What the task requires
With the exception of the pictures, write out the data below precisely.

(Data excerpts)
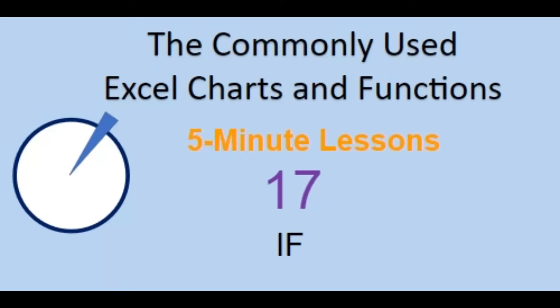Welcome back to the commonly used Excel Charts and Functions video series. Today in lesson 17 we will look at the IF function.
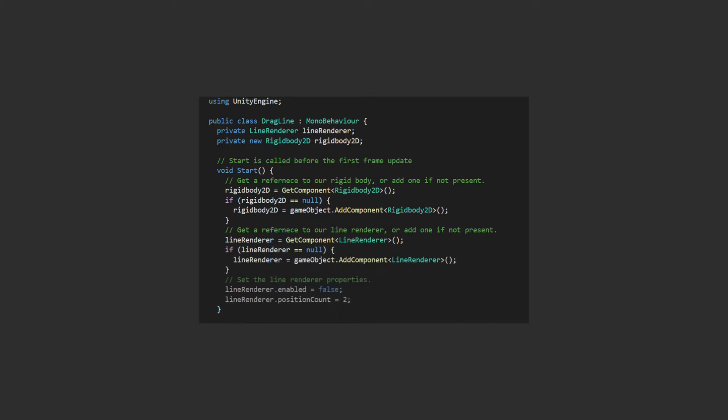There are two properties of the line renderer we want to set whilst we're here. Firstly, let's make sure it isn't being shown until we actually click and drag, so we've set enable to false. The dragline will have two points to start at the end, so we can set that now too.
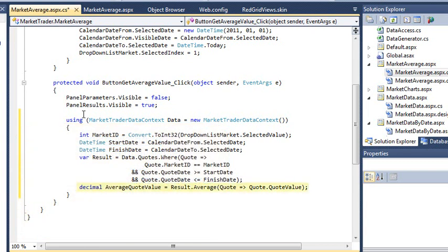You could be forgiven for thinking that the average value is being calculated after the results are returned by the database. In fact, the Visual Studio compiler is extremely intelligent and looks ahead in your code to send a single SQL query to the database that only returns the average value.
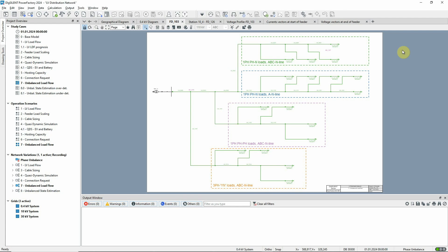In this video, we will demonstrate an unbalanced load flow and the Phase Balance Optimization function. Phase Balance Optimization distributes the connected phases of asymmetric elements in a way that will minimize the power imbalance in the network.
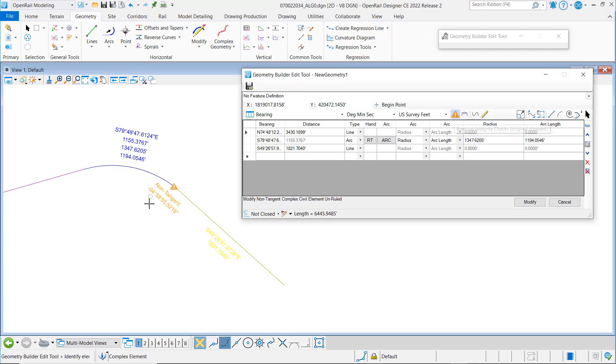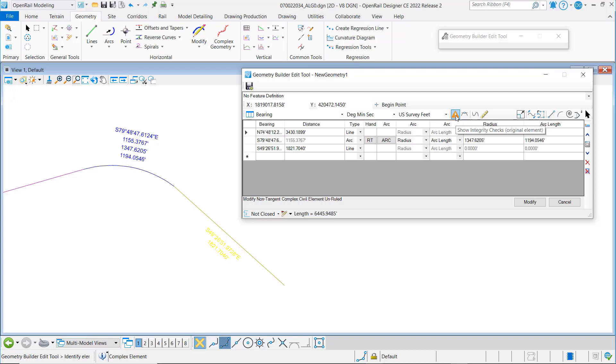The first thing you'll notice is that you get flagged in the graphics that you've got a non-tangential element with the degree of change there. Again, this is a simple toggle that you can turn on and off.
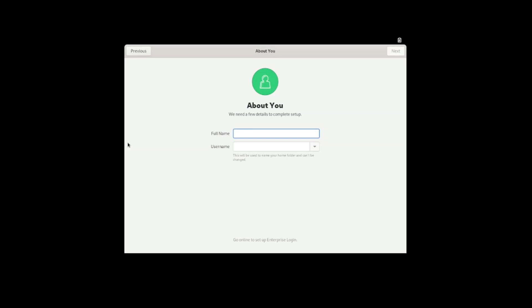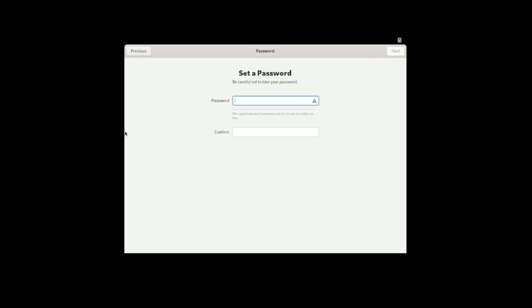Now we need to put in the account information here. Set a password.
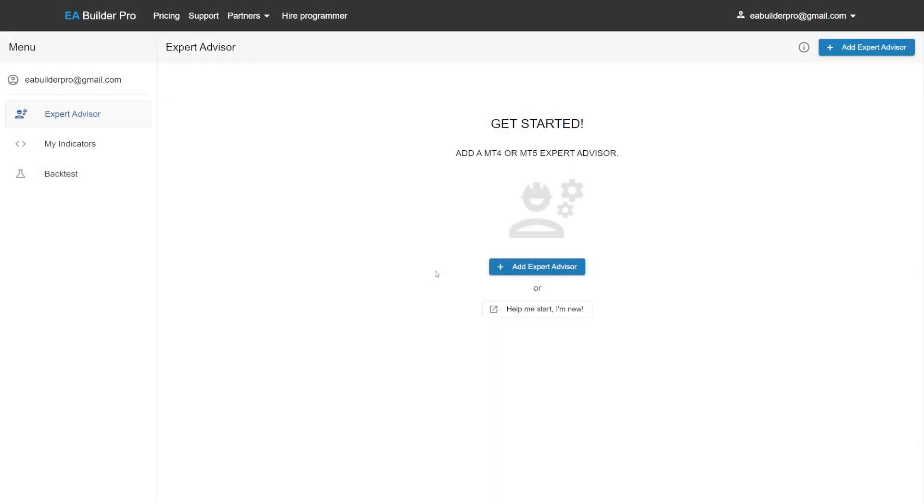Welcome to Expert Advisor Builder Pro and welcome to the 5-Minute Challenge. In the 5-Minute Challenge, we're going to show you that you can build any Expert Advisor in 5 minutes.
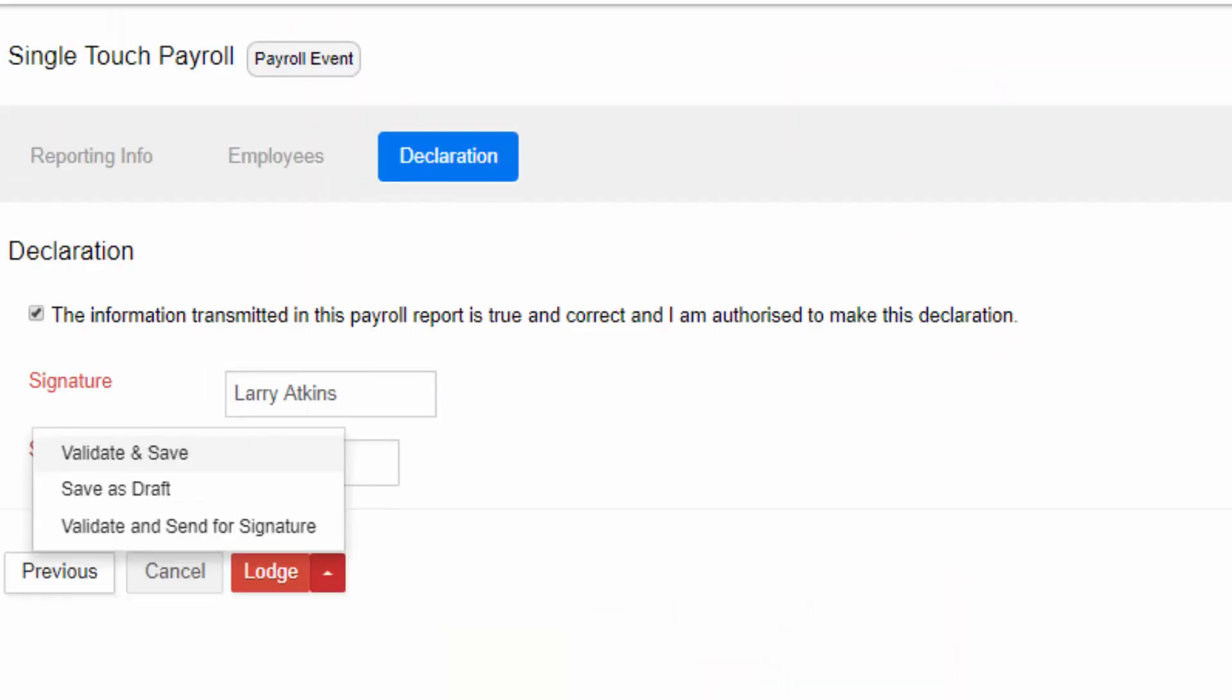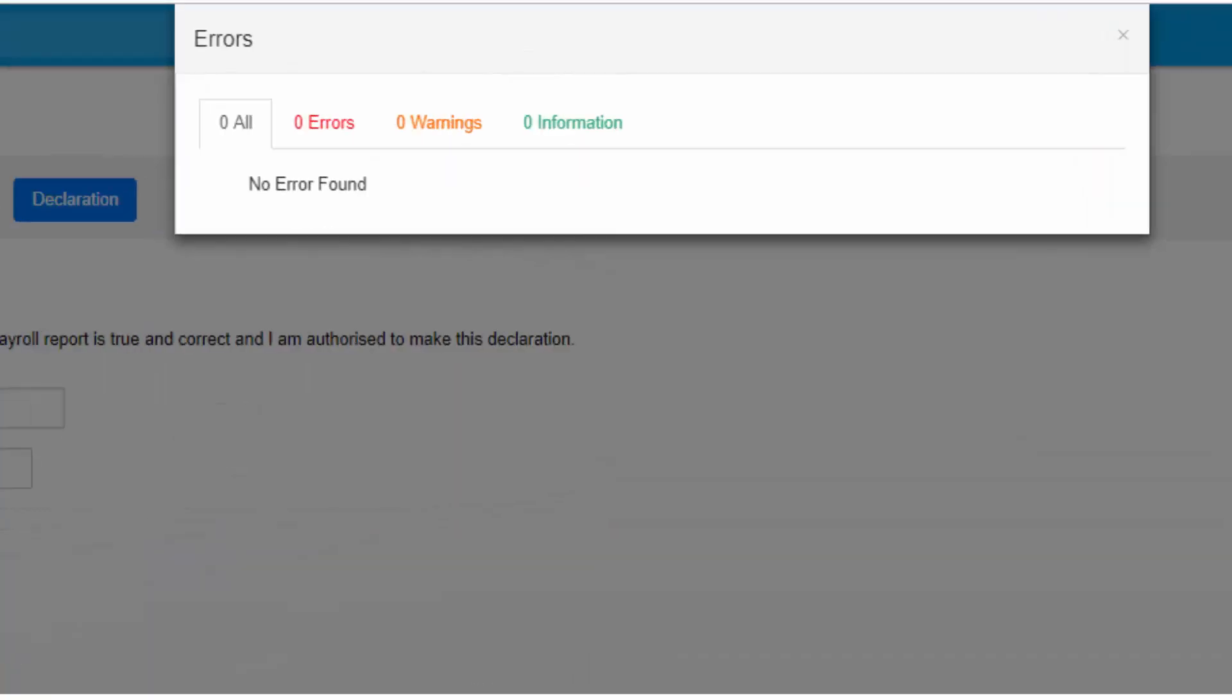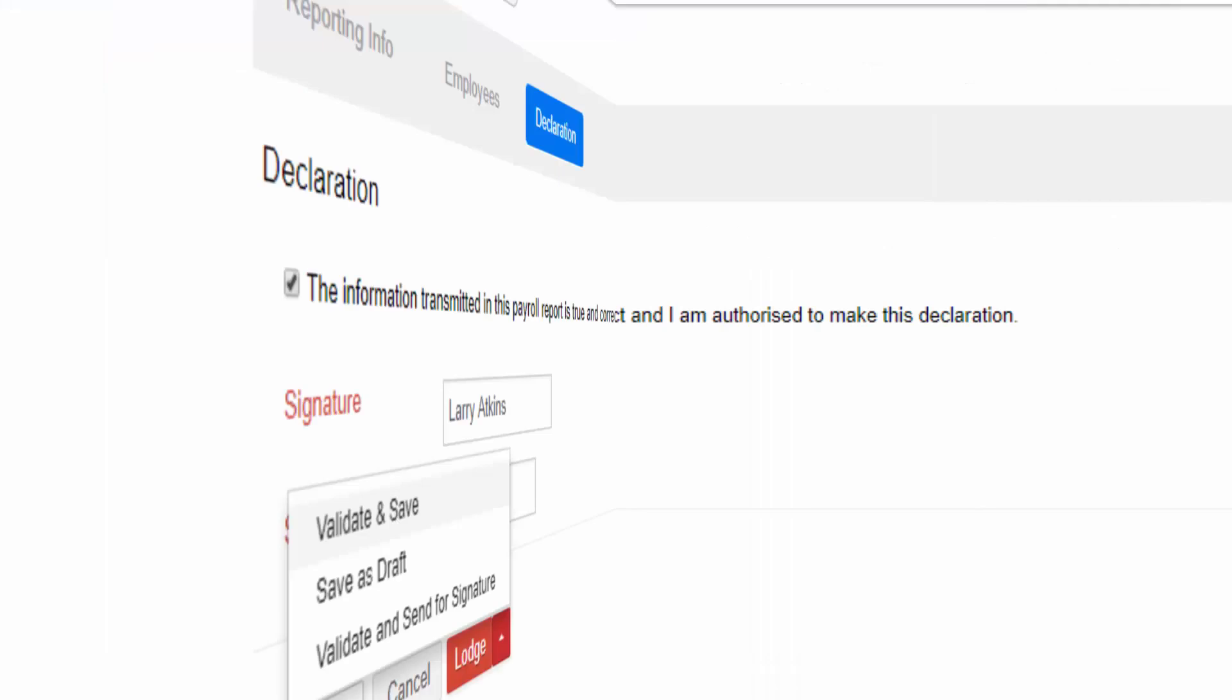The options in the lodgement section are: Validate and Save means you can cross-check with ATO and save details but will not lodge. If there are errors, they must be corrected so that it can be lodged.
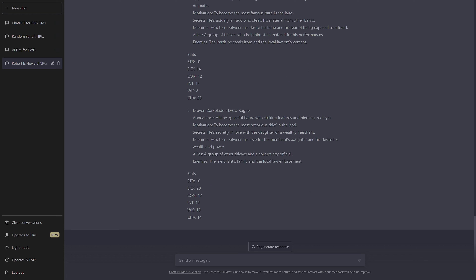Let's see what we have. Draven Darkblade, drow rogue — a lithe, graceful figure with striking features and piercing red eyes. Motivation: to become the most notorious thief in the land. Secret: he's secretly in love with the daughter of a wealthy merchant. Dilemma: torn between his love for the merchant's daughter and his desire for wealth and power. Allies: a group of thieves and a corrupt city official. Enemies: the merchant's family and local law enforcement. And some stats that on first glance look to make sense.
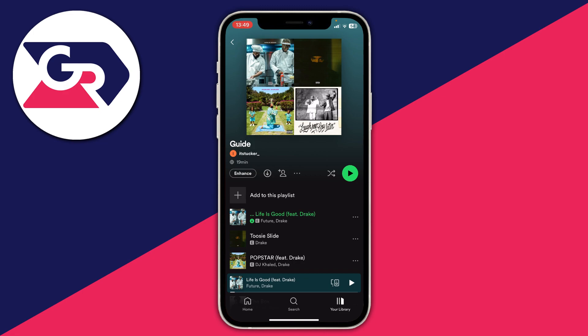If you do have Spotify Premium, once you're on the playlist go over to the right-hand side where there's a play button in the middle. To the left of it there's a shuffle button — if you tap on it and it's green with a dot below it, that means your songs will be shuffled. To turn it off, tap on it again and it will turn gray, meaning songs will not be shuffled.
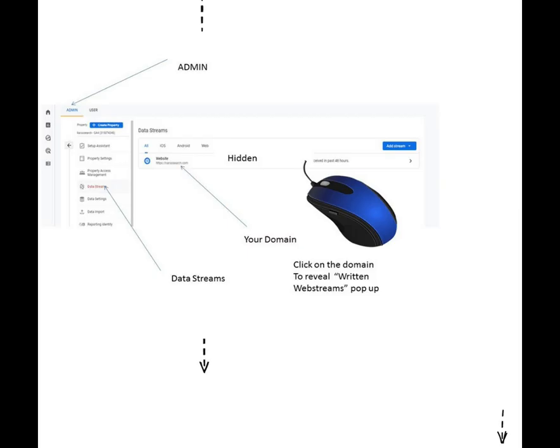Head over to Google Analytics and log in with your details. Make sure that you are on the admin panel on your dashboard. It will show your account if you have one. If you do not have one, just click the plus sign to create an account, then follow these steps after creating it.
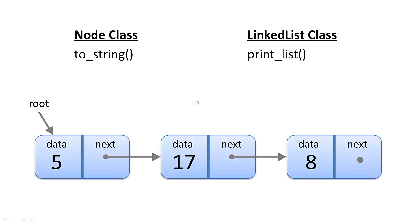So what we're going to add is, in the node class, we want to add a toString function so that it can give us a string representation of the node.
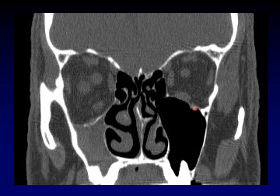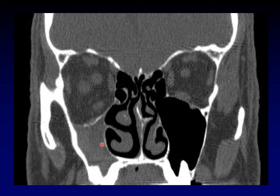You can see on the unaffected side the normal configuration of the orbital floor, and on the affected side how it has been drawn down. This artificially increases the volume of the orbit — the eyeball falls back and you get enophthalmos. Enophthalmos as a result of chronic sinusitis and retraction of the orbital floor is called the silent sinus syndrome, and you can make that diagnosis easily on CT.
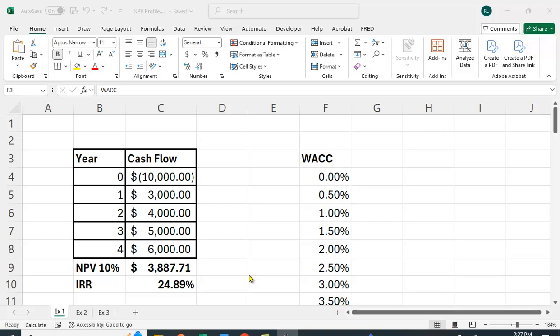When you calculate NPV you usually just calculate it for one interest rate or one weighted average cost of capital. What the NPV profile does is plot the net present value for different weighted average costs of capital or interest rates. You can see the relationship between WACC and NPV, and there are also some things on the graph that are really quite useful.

Result
Welcome back to the commonly used Excel Charts and Functions video series. Today in lesson 17 we will look at the IF function.
There are two properties of the line renderer we want to set whilst we're here. Firstly, let's make sure it isn't being shown until we actually click and drag, so we've set enable to false. The dragline will have two points to start at the end, so we can set that now too.
You could be forgiven for thinking that the average value is being calculated after the results are returned by the database. In fact, the Visual Studio compiler is extremely intelligent and looks ahead in your code to send a single SQL query to the database that only returns the average value.
In this video, we will demonstrate an unbalanced load flow and the Phase Balance Optimization function. Phase Balance Optimization distributes the connected phases of asymmetric elements in a way that will minimize the power imbalance in the network.
The first thing you'll notice is that you get flagged in the graphics that you've got a non-tangential element with the degree of change there. Again, this is a simple toggle that you can turn on and off.
Now we need to put in the account information here. Set a password.
Welcome to Expert Advisor Builder Pro and welcome to the 5-Minute Challenge. In the 5-Minute Challenge, we're going to show you that you can build any Expert Advisor in 5 minutes.
The options in the lodgement section are: Validate and Save means you can cross-check with ATO and save details but will not lodge. If there are errors, they must be corrected so that it can be lodged.
Let's see what we have. Draven Darkblade, drow rogue — a lithe, graceful figure with striking features and piercing red eyes. Motivation: to become the most notorious thief in the land. Secret: he's secretly in love with the daughter of a wealthy merchant. Dilemma: torn between his love for the merchant's daughter and his desire for wealth and power. Allies: a group of thieves and a corrupt city official. Enemies: the merchant's family and local law enforcement. And some stats that on first glance look to make sense.
If you do have Spotify Premium, once you're on the playlist go over to the right-hand side where there's a play button in the middle. To the left of it there's a shuffle button — if you tap on it and it's green with a dot below it, that means your songs will be shuffled. To turn it off, tap on it again and it will turn gray, meaning songs will not be shuffled.
Head over to Google Analytics and log in with your details. Make sure that you are on the admin panel on your dashboard. It will show your account if you have one. If you do not have one, just click the plus sign to create an account, then follow these steps after creating it.
So what we're going to add is, in the node class, we want to add a toString function so that it can give us a string representation of the node.
You can see on the unaffected side the normal configuration of the orbital floor, and on the affected side how it has been drawn down. This artificially increases the volume of the orbit — the eyeball falls back and you get enophthalmos. Enophthalmos as a result of chronic sinusitis and retraction of the orbital floor is called the silent sinus syndrome, and you can make that diagnosis easily on CT.
When you calculate NPV you usually just calculate it for one interest rate or one weighted average cost of capital. What the NPV profile does is plot the net present value for different weighted average costs of capital or interest rates. You can see the relationship between WACC and NPV, and there are also some things on the graph that are really quite useful.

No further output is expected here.